Raise Venture Capital In India With Perfection
Are you thinking how to raise capital in India? Oh wait! Is that venture capital you are looking for? Great! Indian VC industry is expanding fast! But the mighty investors are a tough nut to crack. Yes, we are talking about venture capitalists who can push your business to successful heights only if you show them the potential. They are helpful and extremely generous but only when you tell them about a billion dollar idea. One wrong move and they are miles away from you.
No worries, you can always learn from your mistakes. But it is wiser to learn from mistakes that other people make so that you do not repeat it. Sounds reasonable, right?
Learn about these common mistakes that entrepreneurs often make while raising venture capital.
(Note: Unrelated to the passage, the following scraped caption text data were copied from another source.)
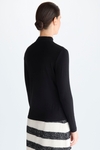 Mock neck stretch-knit fitted t-shirt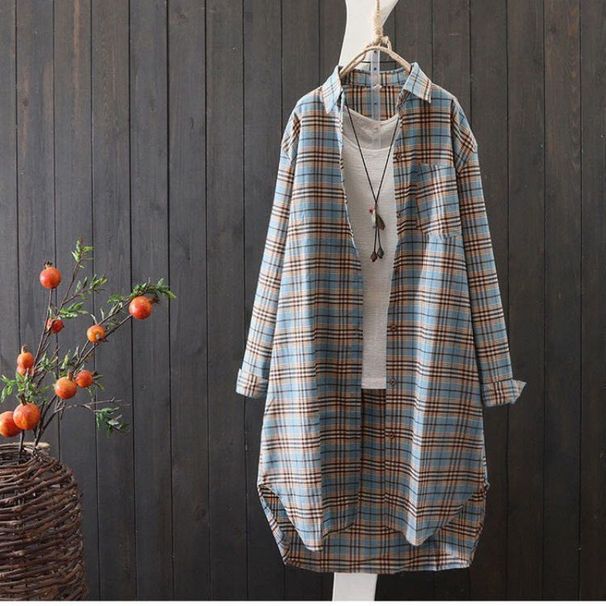 Spring Women's Large Size Grid-Shirt In Korean-Style Retro Design With Loose-Fitting Thin Lining_ecoleips.com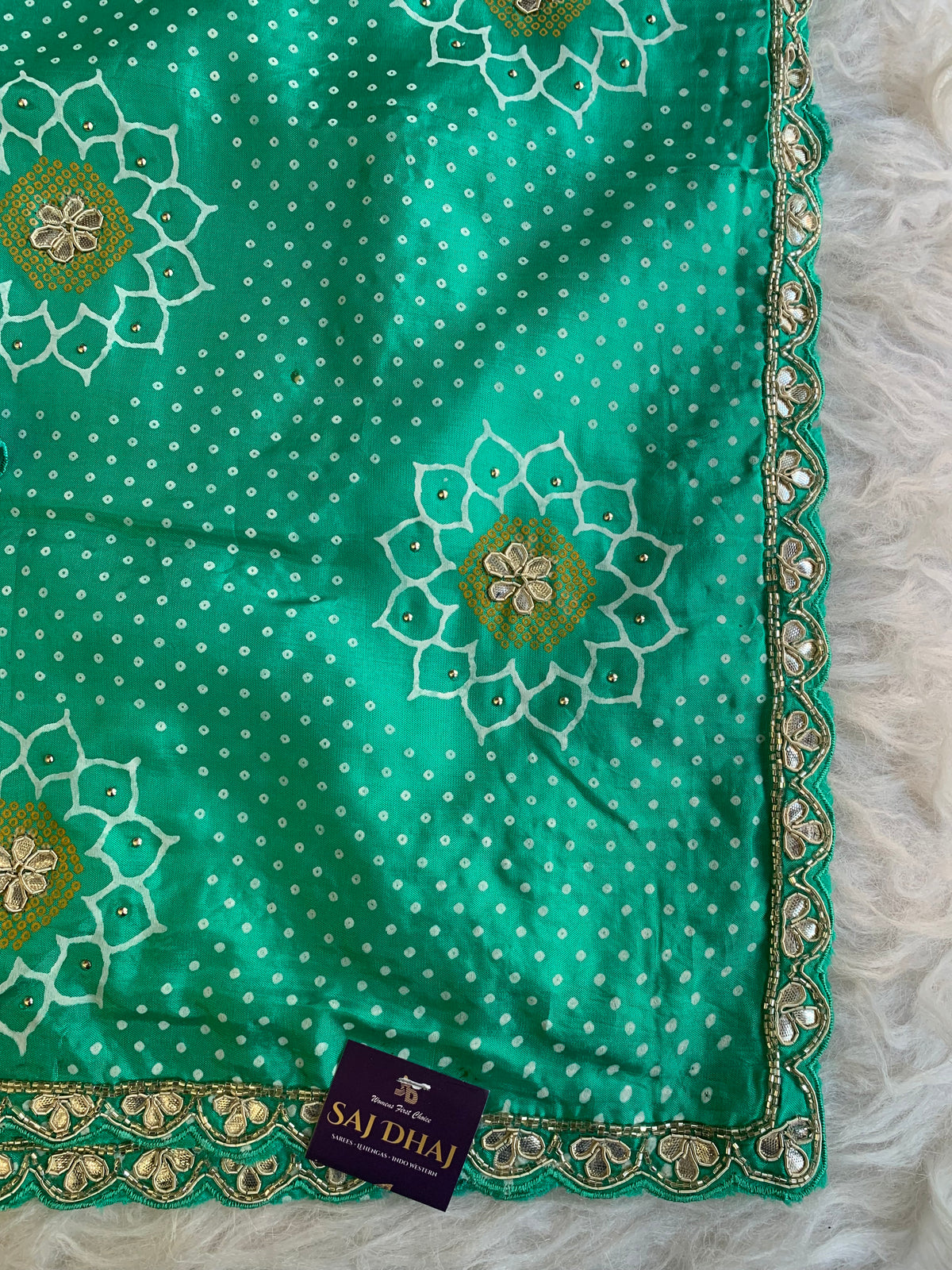 Bandhej Print Russian Silk Saree with Gota Patti & Zardozi 5891 01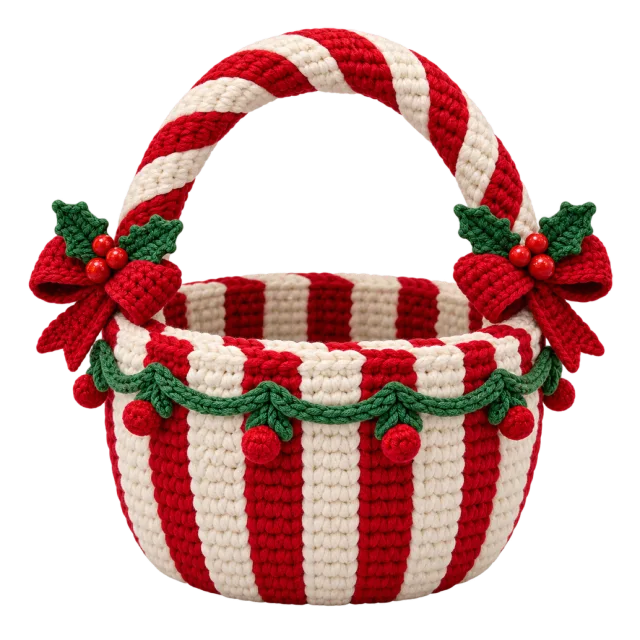 Red and white crochet basket with a striped handle and holly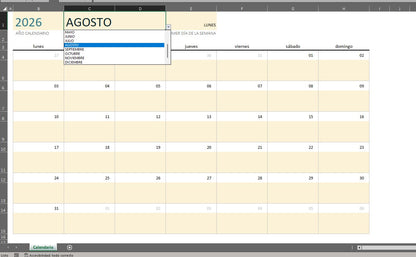 Formato Básico de Calendario en Excel (con espacio para notas)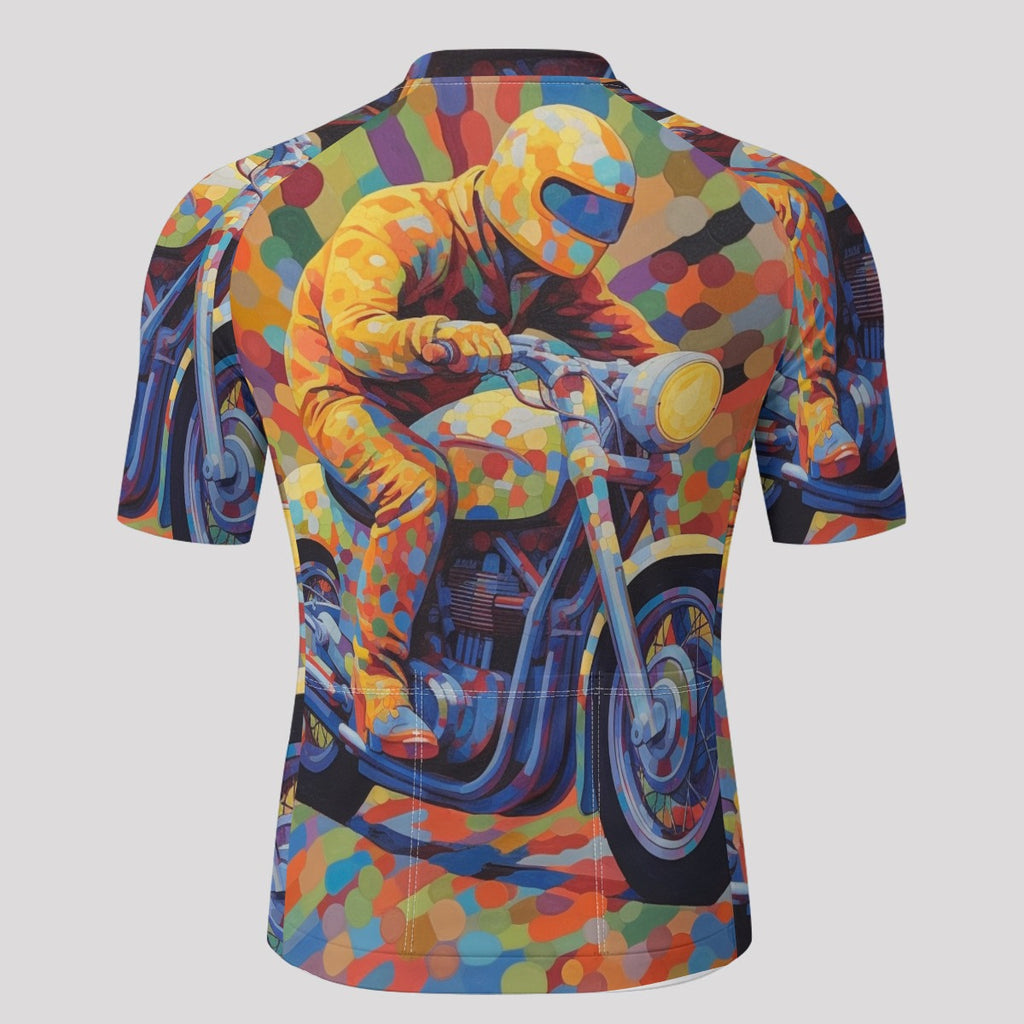 aop Men's Short-Sleeve Cycling Jersey With Black Zipper|Bonded Seam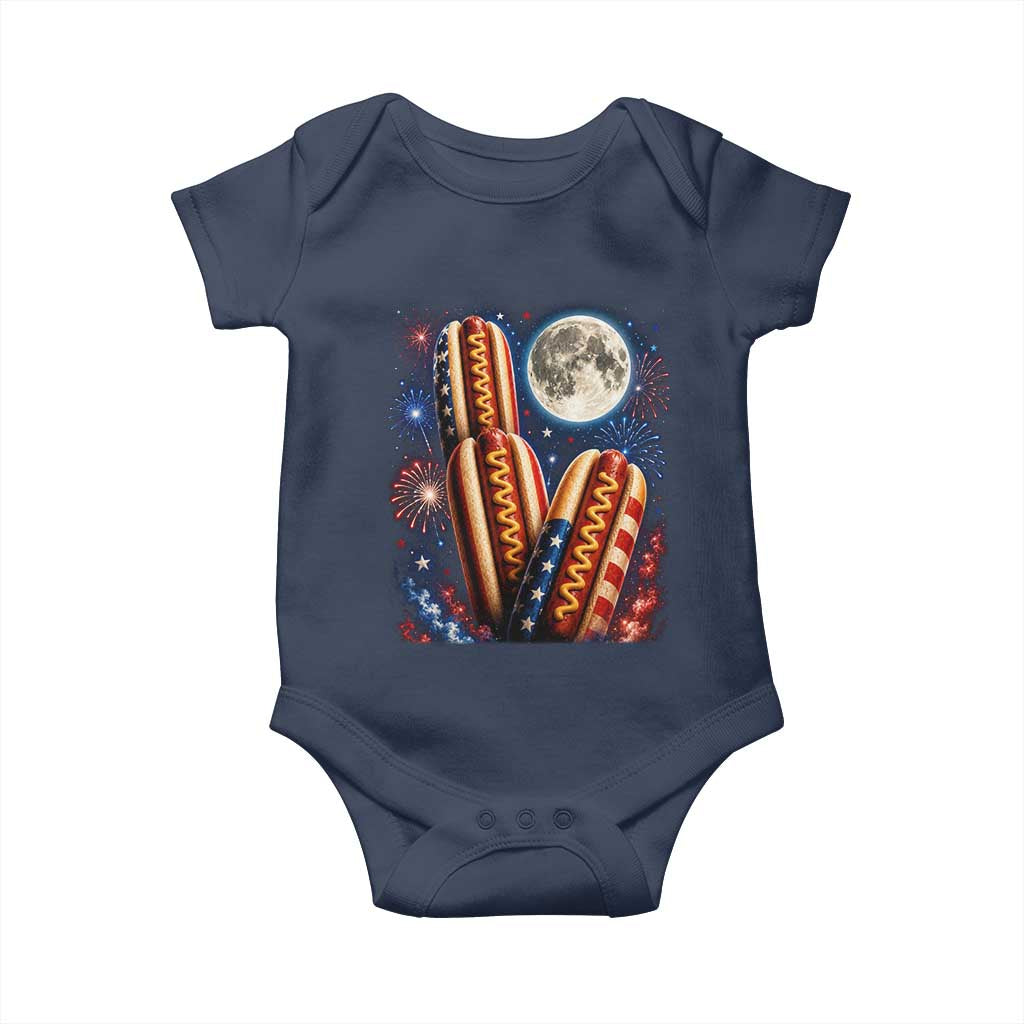 4th Of July Hotdog Fireworks Baby Onesie American Food Lovers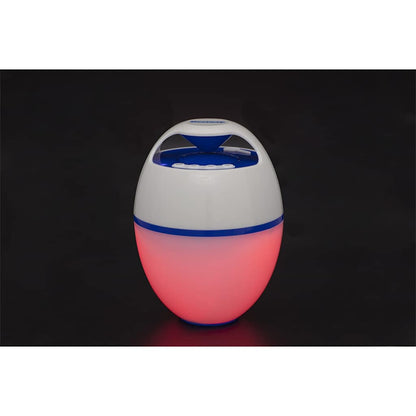 Detail van de Bestway Bluetooth luidspreker met kleurrijke LED-verlichting in een ronde vorm.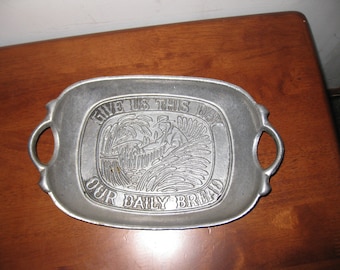 SEXTON 1972 Give Us This Day Our Daily Bread Serving Dish Pewter Two Handles 6 3/4" x 10 1/2" Man With Wheat Design In Middle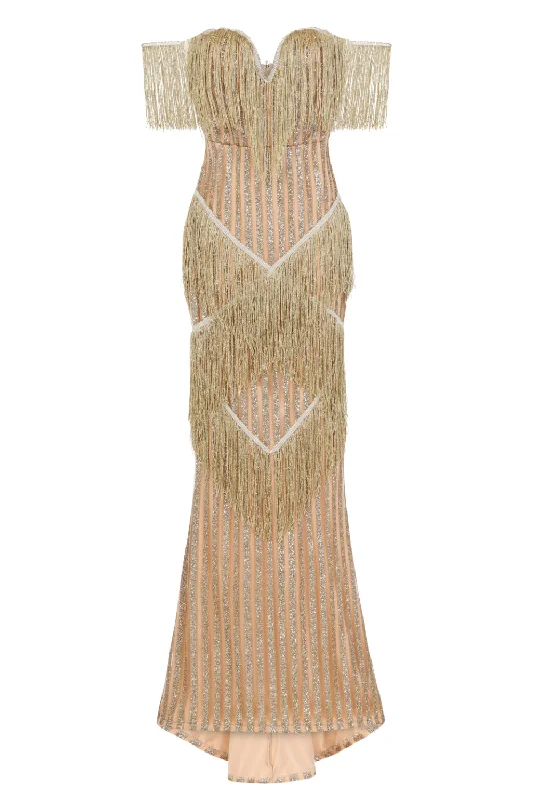 Amira Gold & Nude Glitter Stripe Tassel Fringe Bardot Fishtail Dress
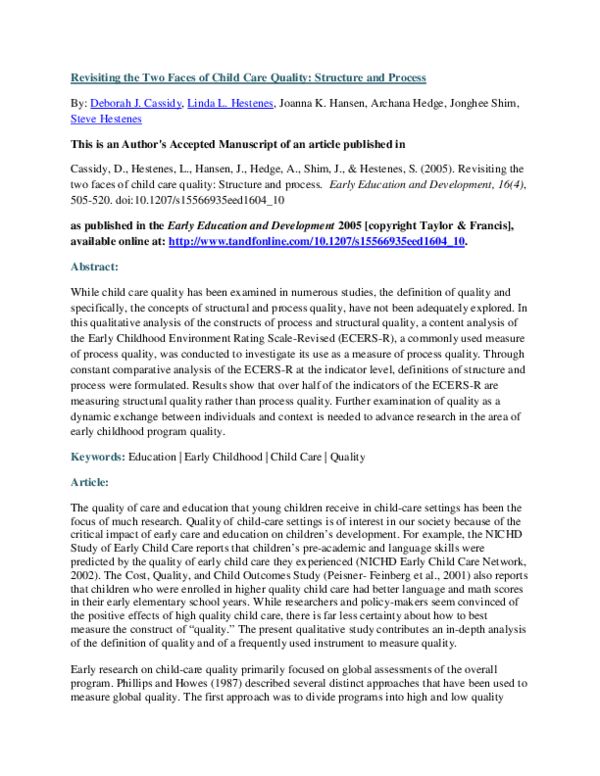 First page of “Revisiting the Two Faces of Child Care Quality: Structure and Process”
If you really have a billion dollar idea, it is worth reading them to avoid any loophole.
1. No Clear Strategy
You need to have an objective in mind and to fulfill that you need a clear strategy. Remember, a business cannot survive without a successful strategy. Your first pitch should speak about that in front of the investors so that they give you some credibility. Having a definite mission and vision is critical for any entrepreneur to prove the authenticity of the business. You must know the milestones you need to achieve and what you need to reach there.
2. Chasing The Wrong Investor
As a first-time entrepreneur, you must value each second of your life. Make sure you choose you investor carefully and then start chasing or else, it will only be a waste of time, money and energy – your assets. Visit the investors’ website and gather information about them. Know which sectors they are interested in or which stage of development they look for. Are they local or global? Know about some of their portfolio companies as well. Once the research is over, look for an opportunity to meet a suitable investor.
3. Wrong Timing
There are many investors interested in high-potential seed stage startups. However, you must not overlook the importance of other funding sources like business incubators, crowdfunding, angel investors and others. Remembers, venture capitalists are more inclined towards businesses that have already raised capital earlier or have existing investors. They consider them more reliable so if possible, you must try out the other options as well. By the time you reach the growth stage, it will be much easier for you to attract venture capital.
4. Wrong Approach
The way you approach an investor can significantly influence their decision. Avoid making cold calls or sending casual emails. Instead, look for a strong referral as this is a well known approach that investors have long been responding to. Boost your social and professional networks, meet new people, talk to them about your business and fund raising campaign. You never know who, someday, introduces you to the right VC.